Akibat Kebijakan Kontroversial Donald Trump, Amerika Serikat Menunjukkan Sinyal Resesi
Jargon kampanye Donald Trump yang akan "make America great again" justru menjadi sebaliknya akibat tindakannya sendiri. AS menunjukkan sinyal resesi
TRIBUNBATAM.ID - Jargon kampanye Donald Trump yang akan "make America great again" justru menjadi sebaliknya akibat tindakannya sendiri.
Di tengah kebijakannya untuk melindungi industri Amerika Serikat, ternyata negara adidaya itu terancam resesi.
Tanda-tanda bahwa AS terancam resesi terlihat dari yield obligasi AS tenor tiga bulanan tercatat lebih tinggi dibanding yield sepuluh tahun.
Sementara untuk yield tenor dua tahun terhadap sepuluh tahun belum terjadi perubahan. Begitupun nilai probabilitas resesi hingga satu tahun mendatang yang dikeluarkan The Federal Reserve pun menunjukkan berada di bawah 30%.
• Asus Zenfone 6 Buatan Batam Diekspor ke Eropa, Kapan Dijual di Indonesia?

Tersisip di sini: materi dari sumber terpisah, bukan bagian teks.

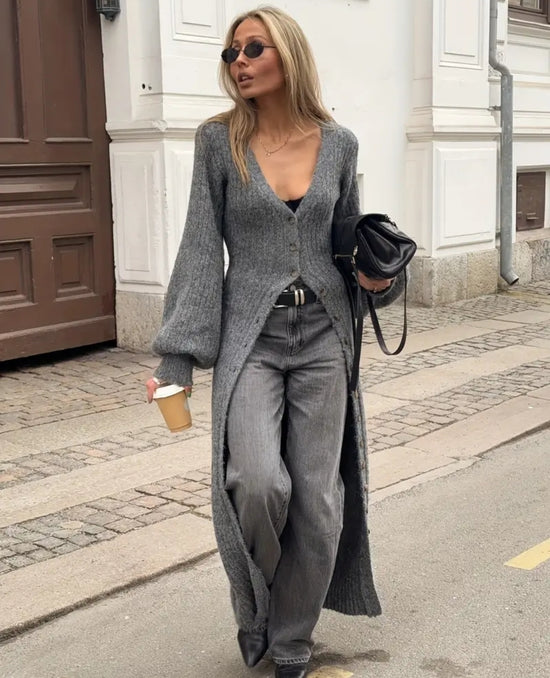 Urban Knit Maxi Cardigan – harmaa pitkä neuletakki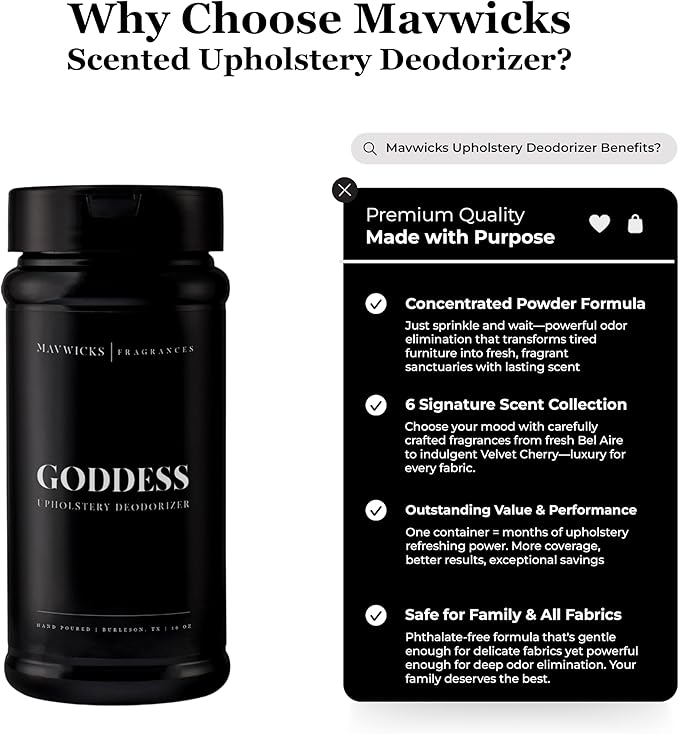 Mavwicks Fragrances - Upholstery Deodorizer (Goddess) 16 Oz - Rug, Couch & Carpet Deodorizer - Vacuuming Powder, Pet Safe Carpet Freshener Powder - Odor Eliminator for Home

• Diberi BMW Seharga Rp 2 Miliar Sebagai Hadiah Ulang Tahun, Pria Ini Malah Membuangnya ke Sungai
• Beberapa Kali Digigit Ubur-ubur, Perenang Cilik 9 Tahun Sukses Seberangi Pulau Sejauh 26 Kilometer
Ancaman resesi ekonomi AS meningkat setelah ekonomi Jerman berbalik arah dan melemah pada kuartal kedua tahun ini.
Tambah lagi, pertumbuhan output industri China yang turun ke level terendah lebih dari 17 tahun pada Juli 2019.
Deputi Gubernur Bank Indonesia (BI) Dody Budi Waluyo menilai pelaku pasar global memandang peluang AS mengalami resesi semakin besar khususnya tercermin dari yield curve US bond yang inverted.
Dia mengaku, persepsi pasar berbeda dengan perkiraan The Fed yang memperkirakan ekonomi AS masih tumbuh cukup baik sebagaimana tercermin dari indikator lainnya, seperti inflasi yang dibilang masih terjaga.
Dody menilai, jika resesi terjadi di AS, hal ini akan berdampak secara global, termasuk Indonesia, karena AS merupakan mesin utama ekonomi dunia selain China.
“Dalam kondisi demikian, negara-negara akan mengandalkan sumber dari domestik untuk menopang pertumbuhan,” kata Doddy kepada Kontan.co.id, Kamis (15/8/2019).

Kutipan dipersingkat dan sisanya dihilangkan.